:: DATASET EXCERPTS ::
══════════════════════════════

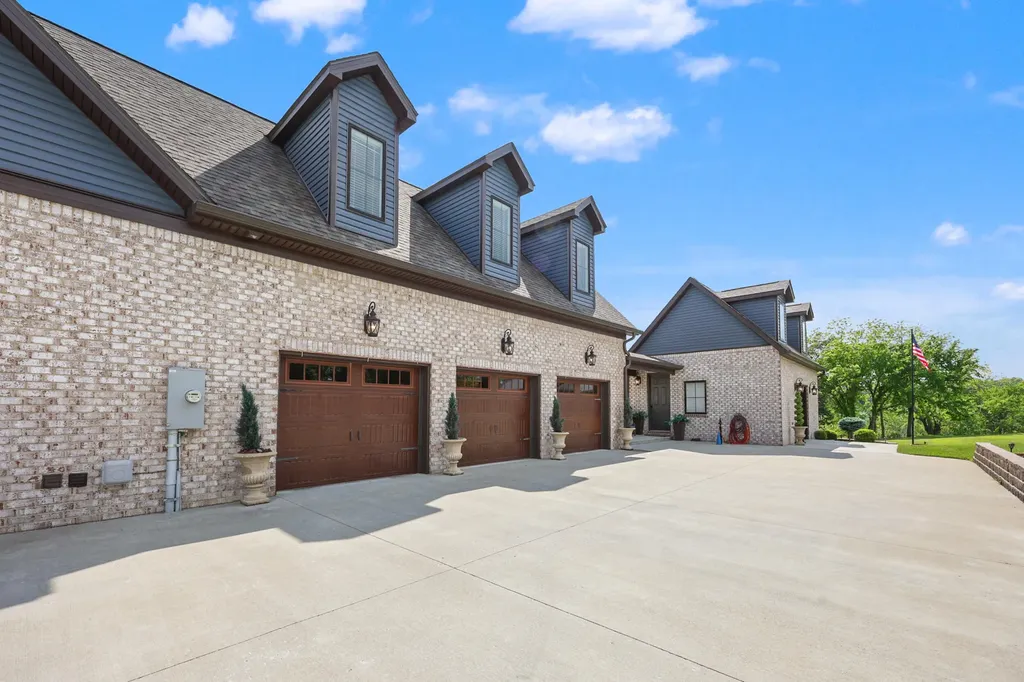 807 Muirfield Trail Richmond KY 40475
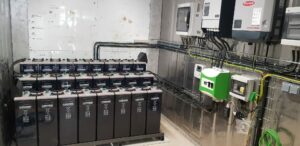 Système site isolé 34 - Mai 2020 - batterie - onduleur | Instalalteur panneaux solaires Libow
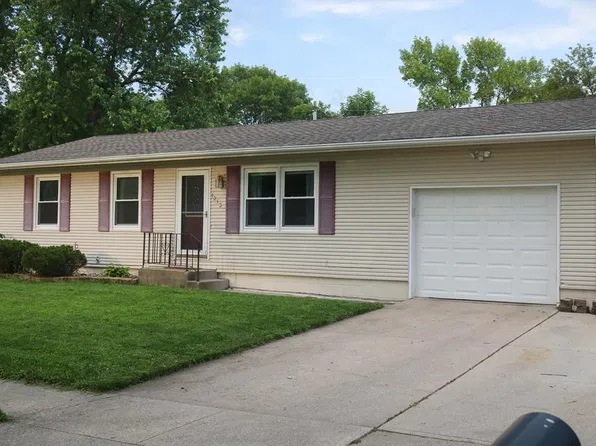 1213 N 31st St, Fort Dodge, IA 50501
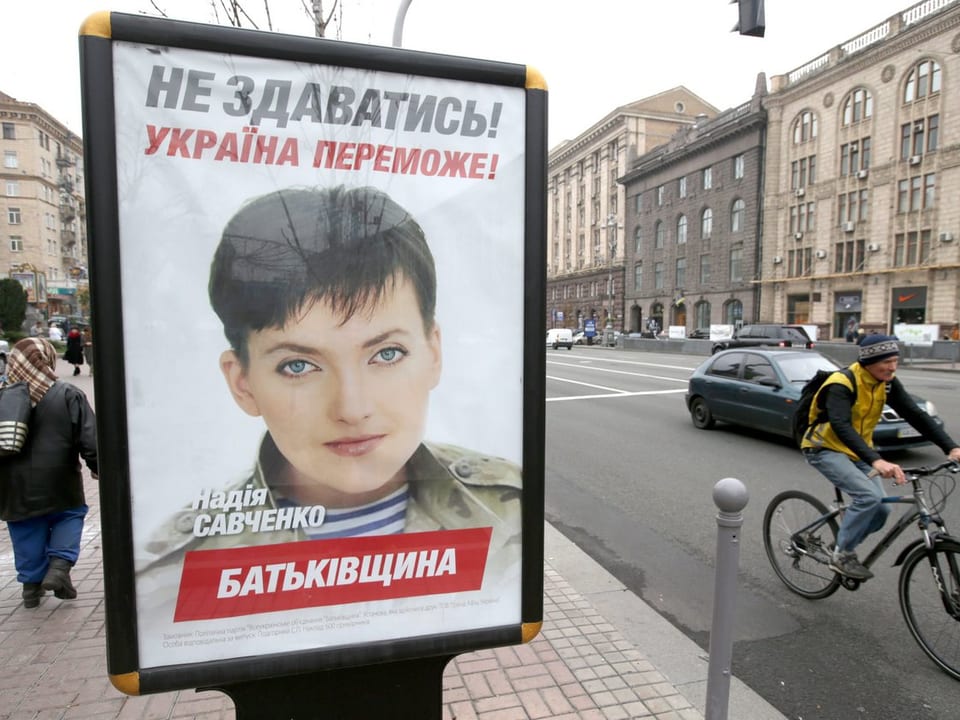 Ein Plakat vor den Wahlen in der Ukraine zeigt Sawtschenko als Kandidatin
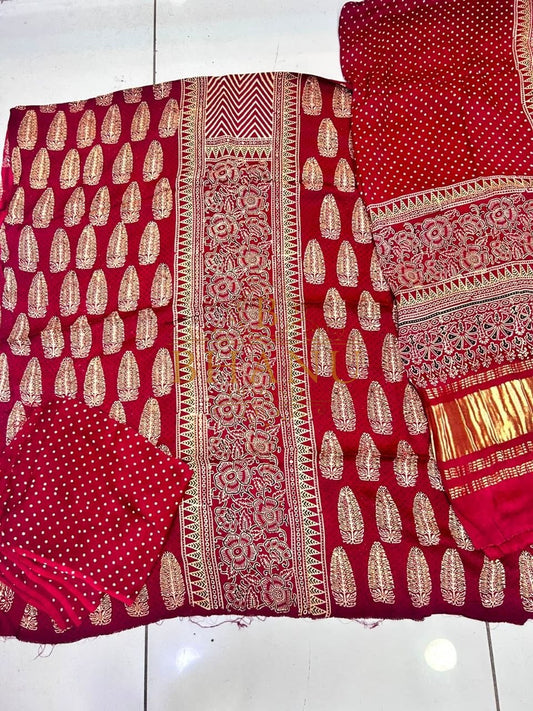 Red brocade with gold, cut set - fabric by the metre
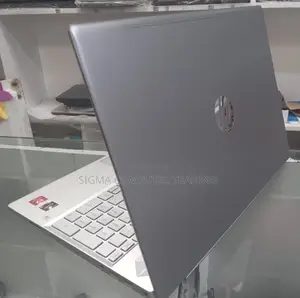 Photo - New Laptop HP Pavilion 15 8GB AMD Ryzen 5 SSD 512GB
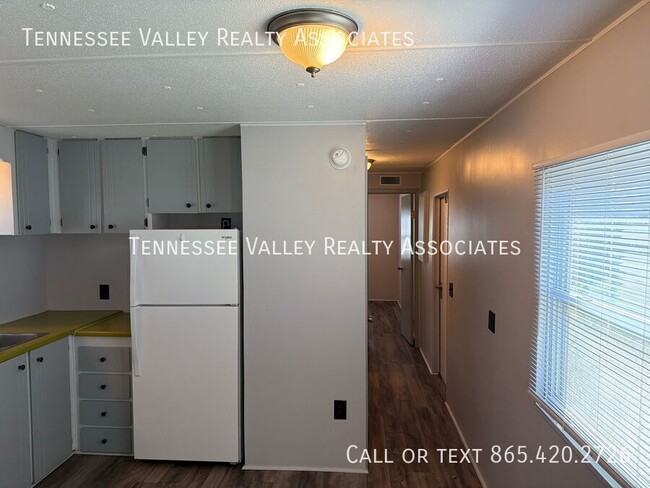 Building Photo - 2254 Knoxville Hwy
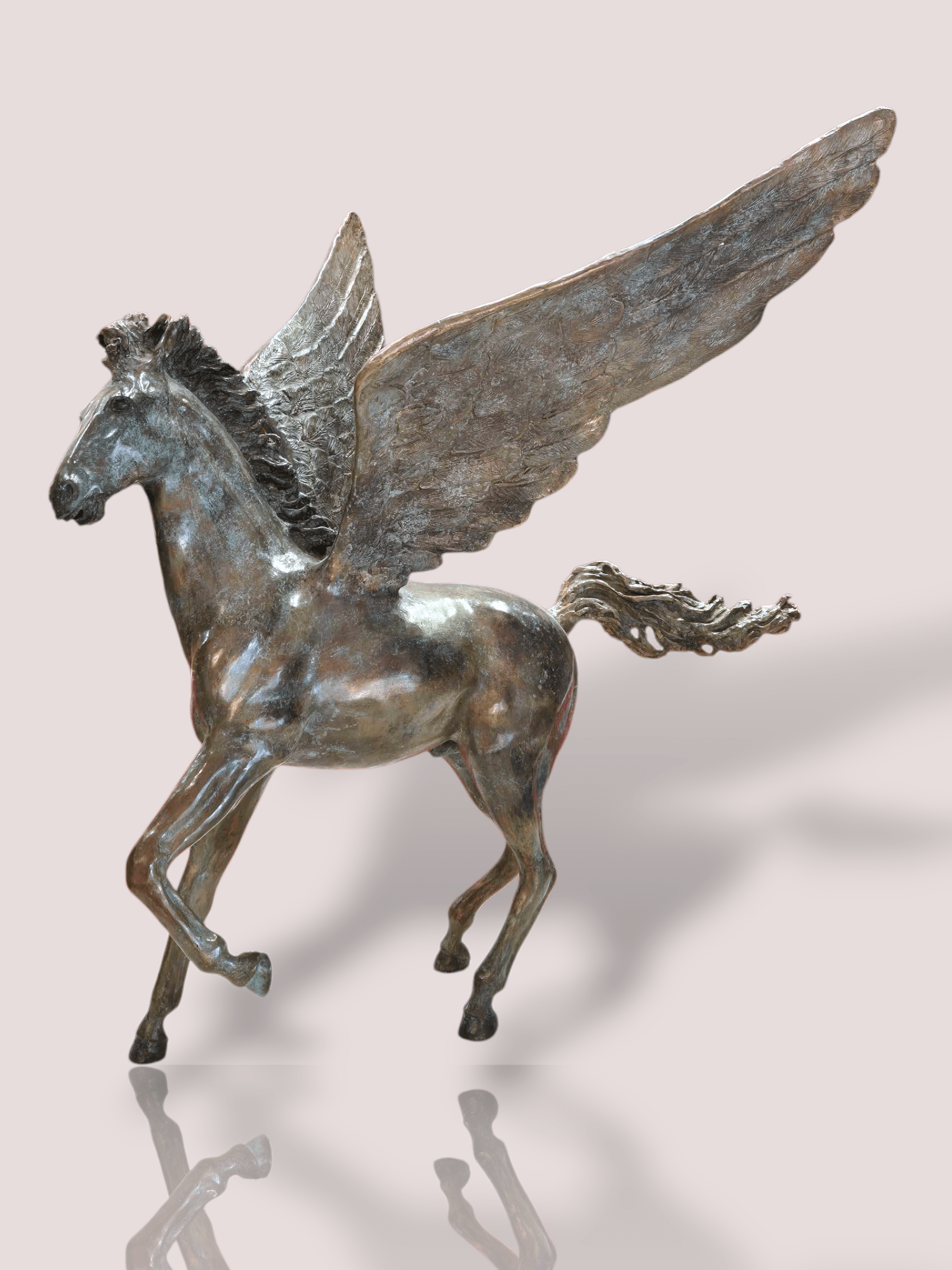 Het Bronzen beeld Pegasus van Jean Marianne Bremers, is een zeer gewilde sculpture waarvan 12 beelden zijn uitgebracht. Dit beeld betreft nummer 3 uit de serie. Dit werk is een indrukwekkend accessoire dat elegantie en kracht toevoegt aan elke ruimte. 

Dit kunstwerk belichaamt kracht en vrijheid, perfect voor liefhebbers van unieke en artistieke stukken. Op het hoogste punt is het beeld 70cm hoog. Plaats het op een prominente plek in uw interieur om een statement te maken en uw decor een artistieke flair te geven.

══════════════════════════════

:: ACTIVITY ::
If a line holds an image, leave the image out; retype everything else in the entries exactly.

:: EXERCISE RESULT ::
 807 Muirfield Trail Richmond KY 40475
 Système site isolé 34 - Mai 2020 - batterie - onduleur | Instalalteur panneaux solaires Libow
 1213 N 31st St, Fort Dodge, IA 50501
 Ein Plakat vor den Wahlen in der Ukraine zeigt Sawtschenko als Kandidatin
 Red brocade with gold, cut set - fabric by the metre
 Photo - New Laptop HP Pavilion 15 8GB AMD Ryzen 5 SSD 512GB
 Building Photo - 2254 Knoxville Hwy
 Het Bronzen beeld Pegasus van Jean Marianne Bremers, is een zeer gewilde sculpture waarvan 12 beelden zijn uitgebracht. Dit beeld betreft nummer 3 uit de serie. Dit werk is een indrukwekkend accessoire dat elegantie en kracht toevoegt aan elke ruimte. 

Dit kunstwerk belichaamt kracht en vrijheid, perfect voor liefhebbers van unieke en artistieke stukken. Op het hoogste punt is het beeld 70cm hoog. Plaats het op een prominente plek in uw interieur om een statement te maken en uw decor een artistieke flair te geven.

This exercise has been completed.